Dopo un lungo periodo di lotte tra i Marchesi di Saluzzo, Cuneo e gli Angiò, nel 1357 il paese divenne parte dei Feudi di Eustachio di Saluzzo. Il Castello, che si raggiunge dopo aver attraversato il bel ponte in pietra ad arcata unica, fu trasformato in dimora signorile nel XVII secolo, inglobando le vecchie strutture tre-quattrocentesche rintracciabili in alcuni muraglioni in pietra e nella massiccia torre quadrata, la parte più imponente dell’intero edificio.

Il conte Alessandro Saluzzo nel 1662 fece costruire la cappella ottagonale attigua al palazzo Castello. Nel cortile è murato un frammento di lapide romana in travertino del II secolo con la scritta IMP C/PART/SARM, appellativi imperiali “ex virtute”, e dietro l’arco in muratura restano tracce di affreschi medievali.

Attualmente il castello e la torre sono di proprietà privata, mentre l’arco monumentale, recentemente restaurato, è di proprietà comunale.

IL VECCHIO MULINO – LA TURBINA IDRAULICA – LA FUCINA DEL FABBRO

Il Mulino
Il Mulino
La fucina del Fabbro
La fucina del Fabbro
La fucina del Fabbro
La fucina del Fabbro
Il maglio
Il maglio

Nel centro di Monterosso sono ancora presenti importanti testimonianze legate alle attività di sfruttamento idrico, integre sia nel profilo edilizio che in quello impiantistico.

Il VECCHIO MULINO ha origini antiche, davanti gli si presentavano le persone per farsi macinare il poco grano o meliga che avevano per poter sopravvivere; grazie alla macinazione la popolazione poteva mangiare con i prodotti derivanti delle farine.

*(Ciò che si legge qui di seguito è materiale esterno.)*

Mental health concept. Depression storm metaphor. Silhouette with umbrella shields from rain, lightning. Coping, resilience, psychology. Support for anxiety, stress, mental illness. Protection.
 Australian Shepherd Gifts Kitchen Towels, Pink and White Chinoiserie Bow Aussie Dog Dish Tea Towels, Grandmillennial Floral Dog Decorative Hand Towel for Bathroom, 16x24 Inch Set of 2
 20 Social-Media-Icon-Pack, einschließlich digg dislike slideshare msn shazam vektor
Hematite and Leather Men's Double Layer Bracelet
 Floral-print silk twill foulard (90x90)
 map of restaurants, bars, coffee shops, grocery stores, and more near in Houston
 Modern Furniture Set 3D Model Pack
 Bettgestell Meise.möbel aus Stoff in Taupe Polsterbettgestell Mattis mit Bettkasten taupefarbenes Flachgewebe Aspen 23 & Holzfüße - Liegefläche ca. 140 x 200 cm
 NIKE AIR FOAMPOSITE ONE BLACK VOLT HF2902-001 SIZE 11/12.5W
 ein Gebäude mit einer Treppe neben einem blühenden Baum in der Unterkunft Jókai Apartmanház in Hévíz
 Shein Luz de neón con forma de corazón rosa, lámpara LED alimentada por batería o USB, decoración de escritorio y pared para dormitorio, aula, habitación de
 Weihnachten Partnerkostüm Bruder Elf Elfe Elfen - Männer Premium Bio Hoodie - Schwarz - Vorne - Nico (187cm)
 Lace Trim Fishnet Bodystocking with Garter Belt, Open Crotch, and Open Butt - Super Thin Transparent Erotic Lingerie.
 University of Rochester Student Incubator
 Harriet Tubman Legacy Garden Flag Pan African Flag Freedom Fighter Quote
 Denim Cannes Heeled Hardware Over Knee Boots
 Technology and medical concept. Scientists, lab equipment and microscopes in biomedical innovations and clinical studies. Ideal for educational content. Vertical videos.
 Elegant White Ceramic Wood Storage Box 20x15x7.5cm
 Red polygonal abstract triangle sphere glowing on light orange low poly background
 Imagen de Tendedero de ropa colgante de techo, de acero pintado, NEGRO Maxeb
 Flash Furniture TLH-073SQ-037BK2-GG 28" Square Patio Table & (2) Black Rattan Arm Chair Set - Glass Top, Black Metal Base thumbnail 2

Il Mulino era condotto dalla famiglia Armando, tramandato di padre in figlio e di generazione in generazione. Il proprietario più anziano di questa famiglia si chiamava Armando Spirito. Egli, grazie all’utilizzo della forza dell’acqua incanalata in appositi canali, riusciva a mettere in moto le ruote di pietra una sopra l’altra e grazie a questo movimento il frumento veniva incanalato nelle pietre dall’esterno verso l’interno diventando farina.

Con lo scoppiare della Seconda Guerra Mondiale il mulino venne chiuso dalla famiglia per paura di rappresaglie e furti, ma continuarono a macinare di nascosto, essendo l’unica attività che riusciva a sfamare la loro famiglia, se pur correndo molti rischi. 

Le piccole popolazioni montanare stremate dalla guerra e dall’invasione tedesca che a stento riuscivano a vivere con il poco che avevano vedevano il mulino come unico spiraglio di salvezza. Esso non macinava solo per la popolazione ma anche per il sostentamento dei gruppi partigiani presenti sulle nostre montagne, il che poteva costituire un problema serio perché se si veniva sorpresi ad aiutare i gruppi partigiani in qualsiasi modo, si veniva giustiziati cioè, nella peggiore delle ipotesi, fucilati dai gruppi delle “camicie nere”. 

Si può quindi immaginare quanto questo mulino abbia avuto un ruolo fondamentale nella vita dei nostri paesini.

La famiglia dichiarò la sua vera riapertura nel 1946 alla fine della guerra.

Negli ultimi anni il mulino ha funzionato solo più parzialmente; con la vecchiaia la famiglia Armando non riuscì più a condurre il mulino e i famigliari lavorando in città lasciarono l’attività di famiglia.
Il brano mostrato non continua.